> **TASK DETAILS**
In the listing below, find the line with "2011 Rolls-Royce Phantom" and the line with "5 Francs 1983", then return them and every line between them exactly, minus the pictures.

----

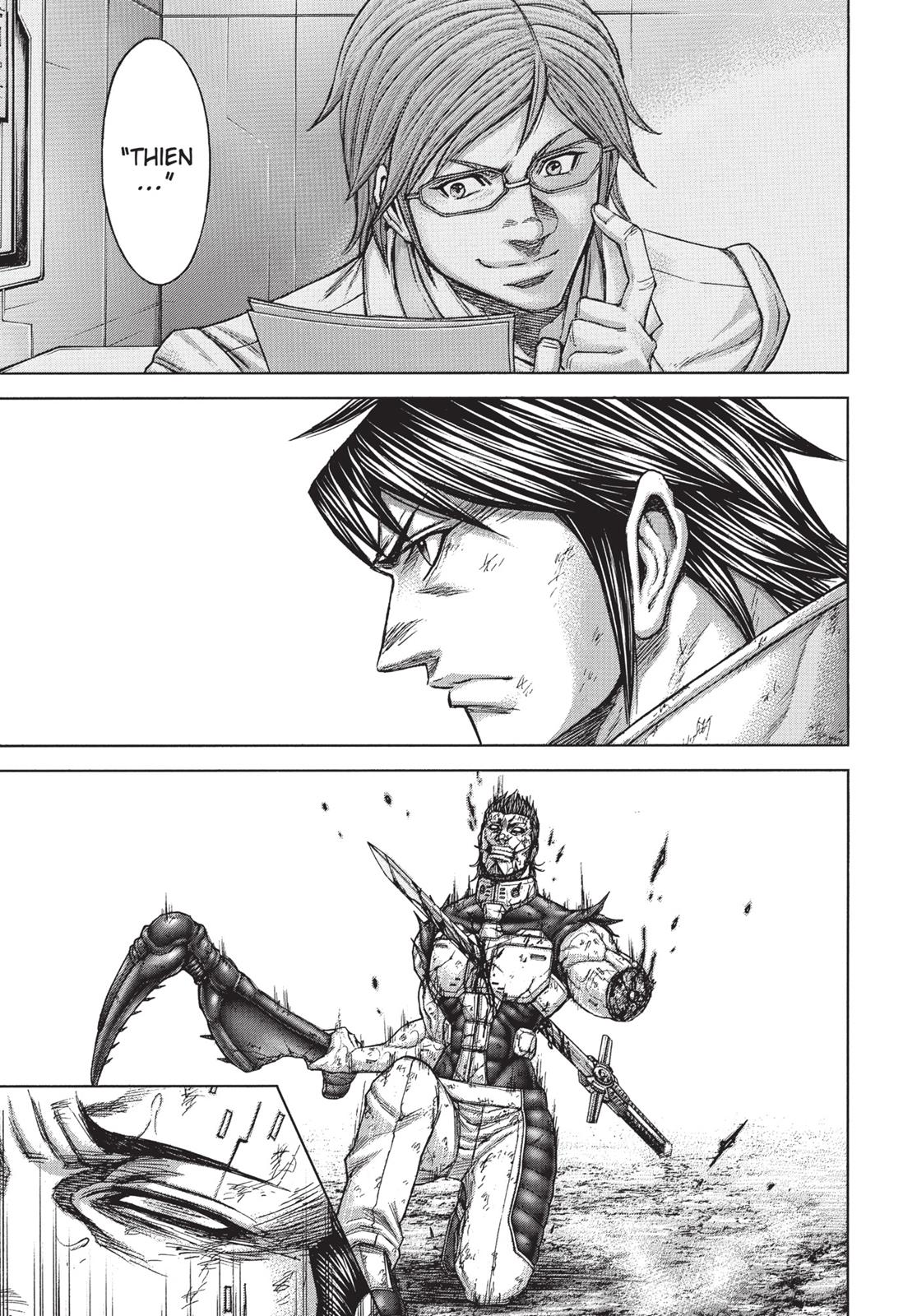 Read Terra Formars Manga Online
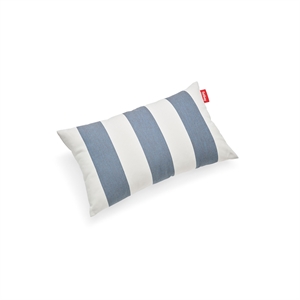 Almohada Fatboy King de 66x40 cm a Rayas Azul Océano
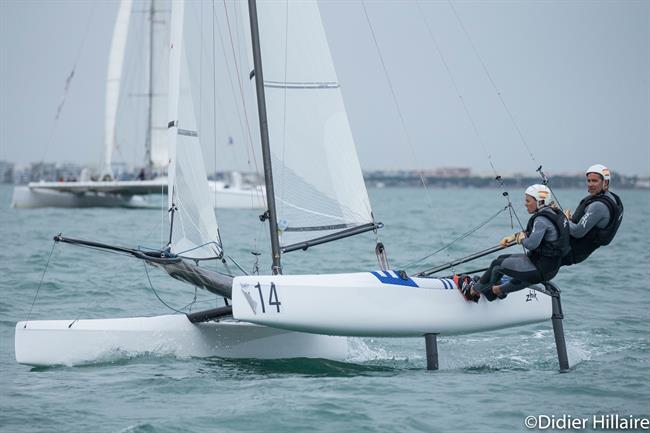 Echávarri y Pacehco, subcampeones del mundo de Nacra 17 | PRENSA RFEV ep echavarripacehco subcampeonesmundonacra 17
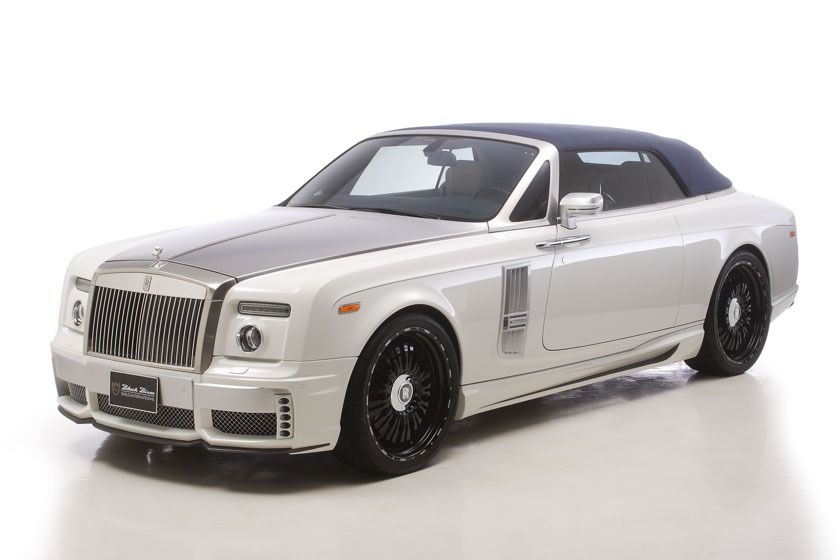 2011 Rolls-Royce Phantom Coupe Drophead by Wald International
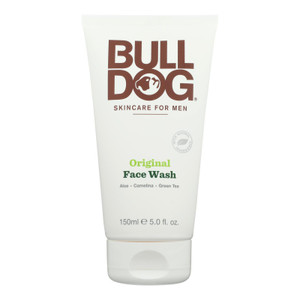 Bulldog Natural Skincare - Face Wash - Original - 5 Fl Oz Bulldog Natural Skincare - Face Wash - Original - 5 Fl Oz
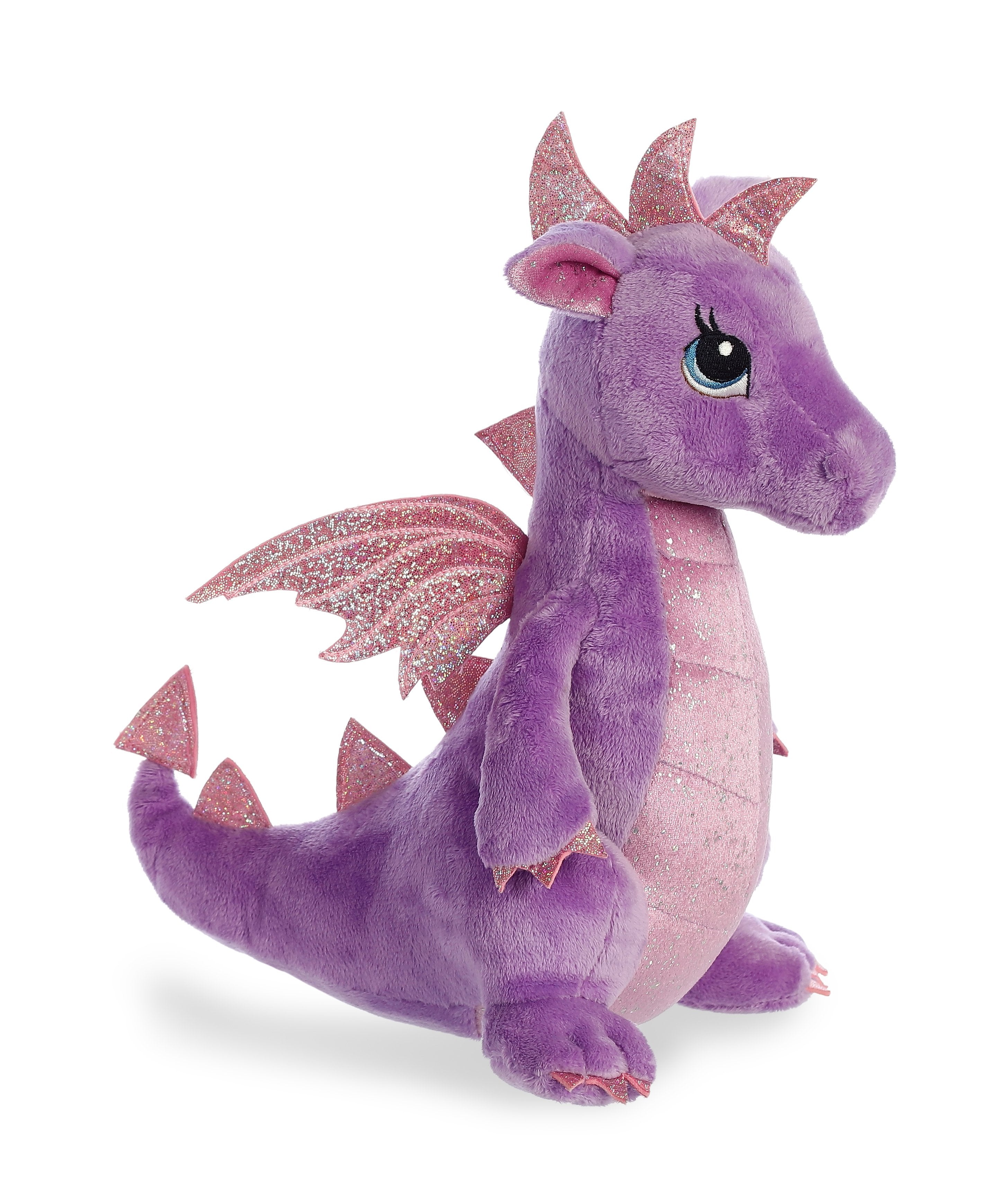 Aurora Sparkle Tales - 12'' Larkspur Dragon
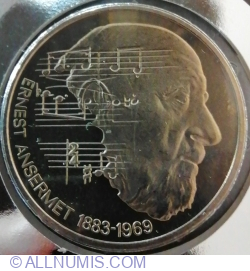 5 Francs 1983 - 100th anniversary of the birth of Ernest Ansermet
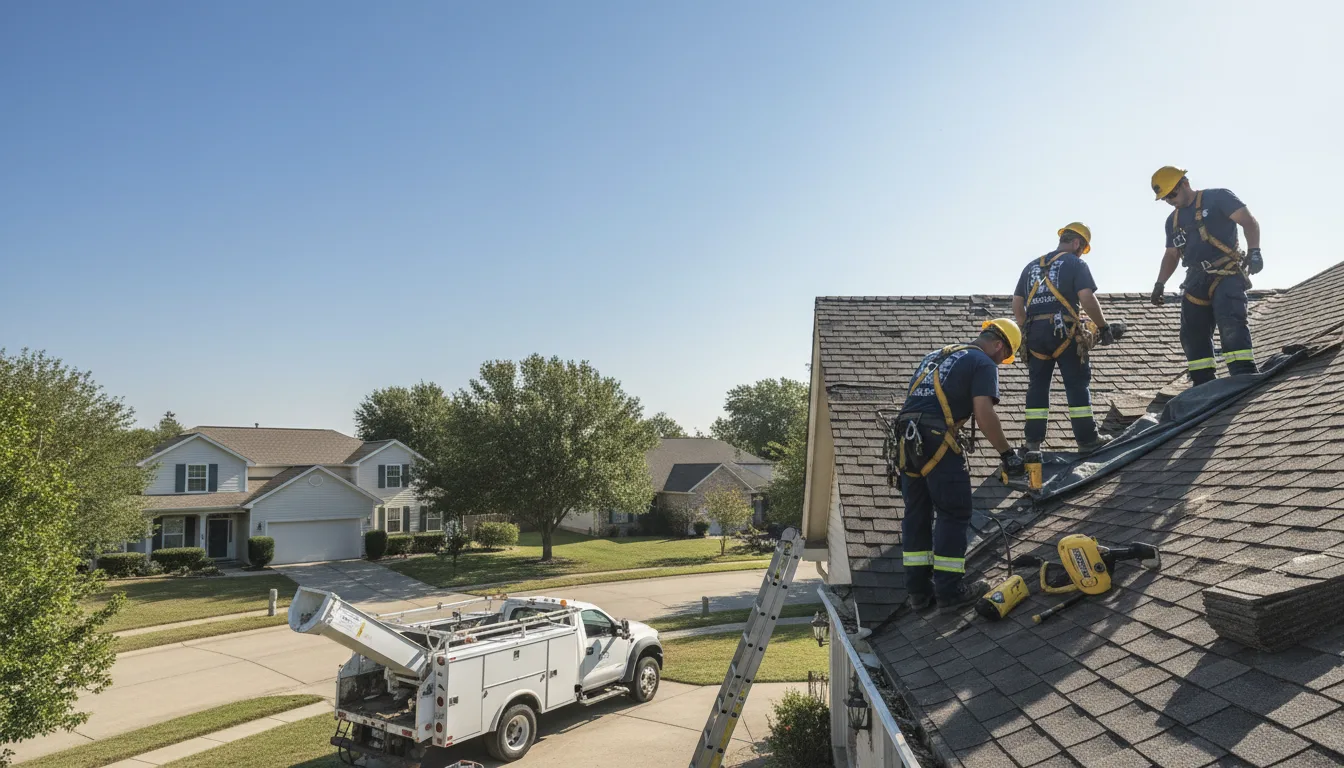 Emergency Roof Repair in Caledonia, NY near me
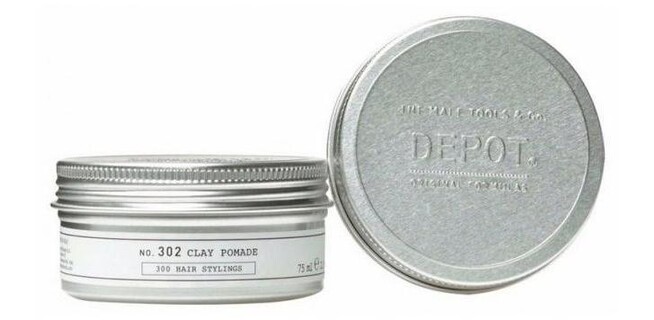 Глина моделююча Depot 302 Clay Pomade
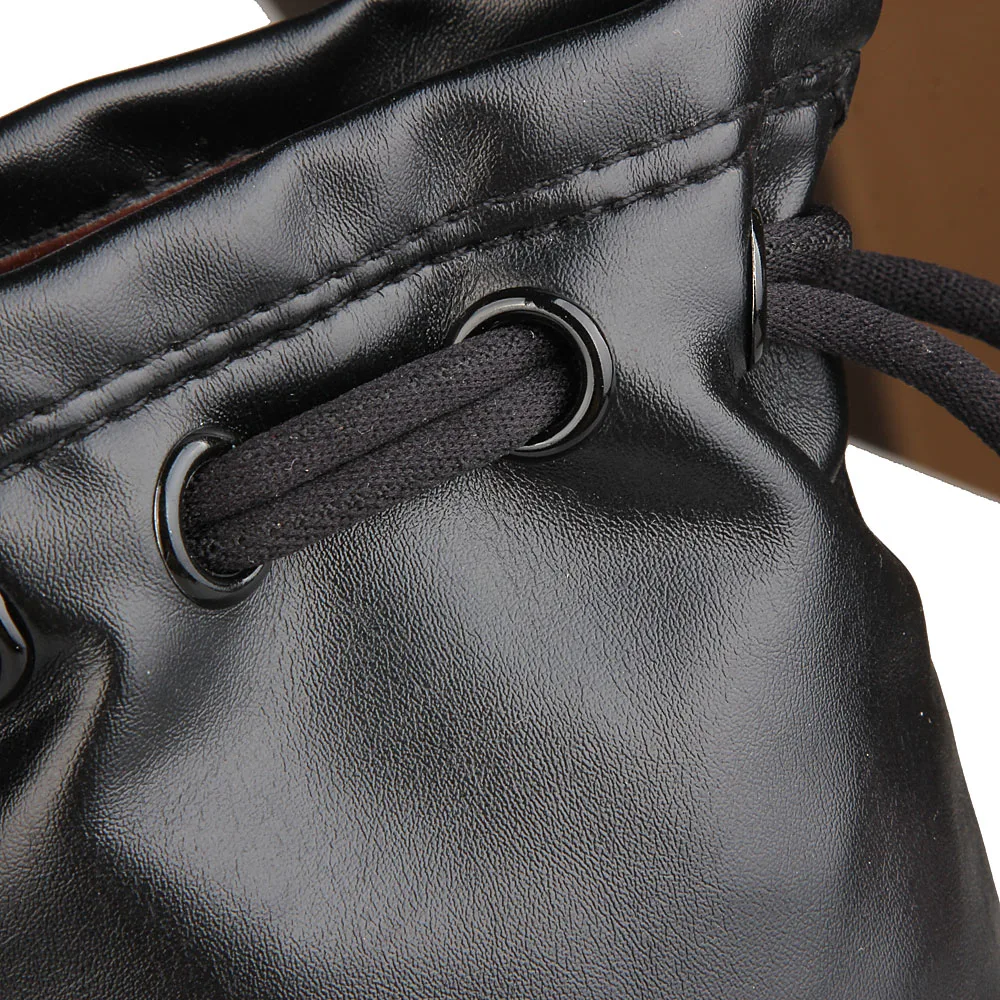 Сумка для объектива DSLR камеры (XL) из искусственной кожи + Мягкий защитный чехол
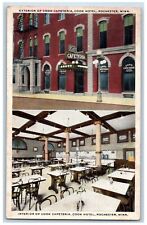 Rochester Minnesota MN Postcard Interior Cook Cafeteria Cook Hotel c1920 Vintage picture
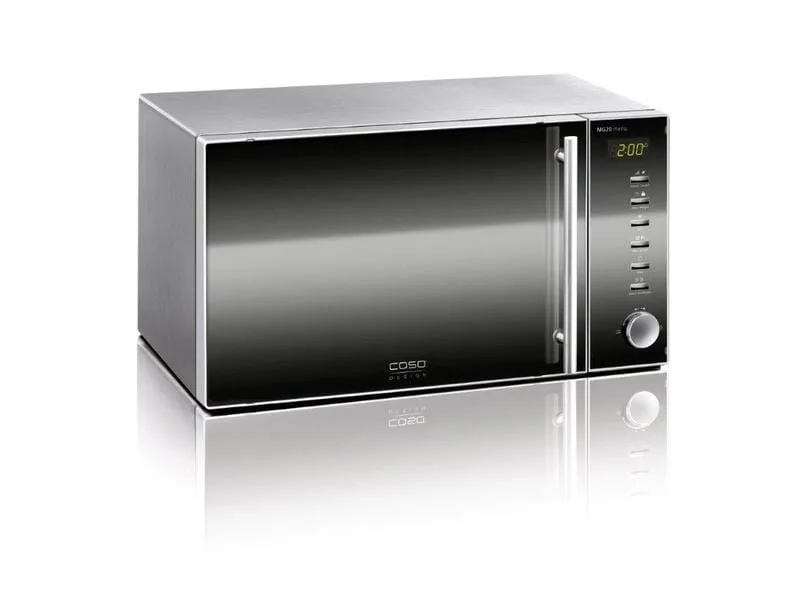Caso Mikrowelle MG 20 Menu Schwarz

----

> **OUTPUT**
 2011 Rolls-Royce Phantom Coupe Drophead by Wald International
 Bulldog Natural Skincare - Face Wash - Original - 5 Fl Oz Bulldog Natural Skincare - Face Wash - Original - 5 Fl Oz
 Aurora Sparkle Tales - 12'' Larkspur Dragon
 5 Francs 1983 - 100th anniversary of the birth of Ernest Ansermet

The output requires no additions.